## Provided records
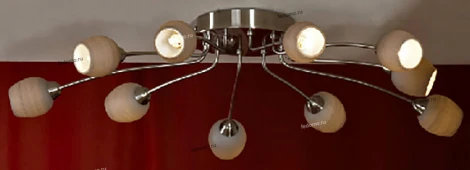 Потолочная люстра Lussole Spilimbergo LSA-3077-10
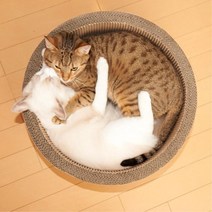점보 원형스크래쳐 고양이침대 뚱냥이집 두꺼운골판지 냥모나이트 고양이물품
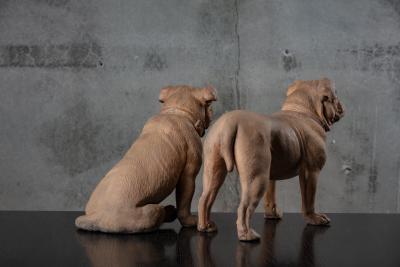 PAIR OF TERRACOTTA BULLDOGS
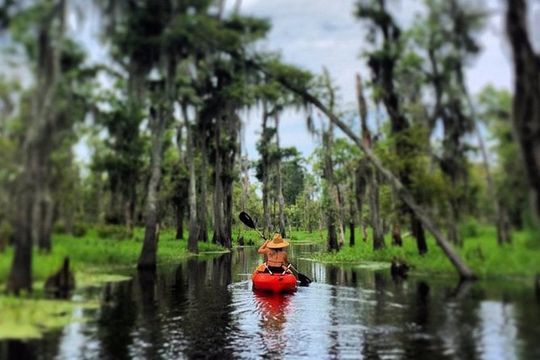 Small-Group Manchac Swamp Kayak Tour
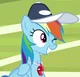 Rainbowdash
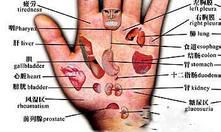 中国手相全解（男女手相图解大全）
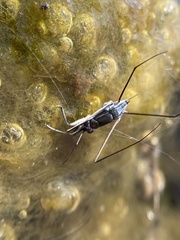 Neogerris hesione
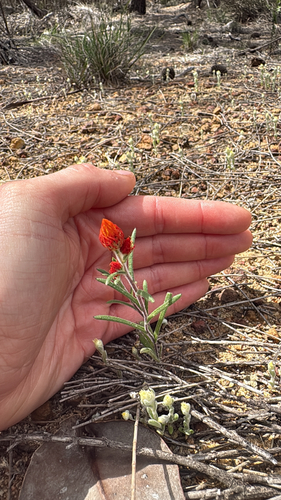 orange immortelle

## Task prompt
If a record holds a picture, leave the picture out and copy the rest exactly.

## Exercise response
 Потолочная люстра Lussole Spilimbergo LSA-3077-10
점보 원형스크래쳐 고양이침대 뚱냥이집 두꺼운골판지 냥모나이트 고양이물품
 PAIR OF TERRACOTTA BULLDOGS
 Small-Group Manchac Swamp Kayak Tour
 Rainbowdash
 中国手相全解（男女手相图解大全）
 Neogerris hesione
 orange immortelle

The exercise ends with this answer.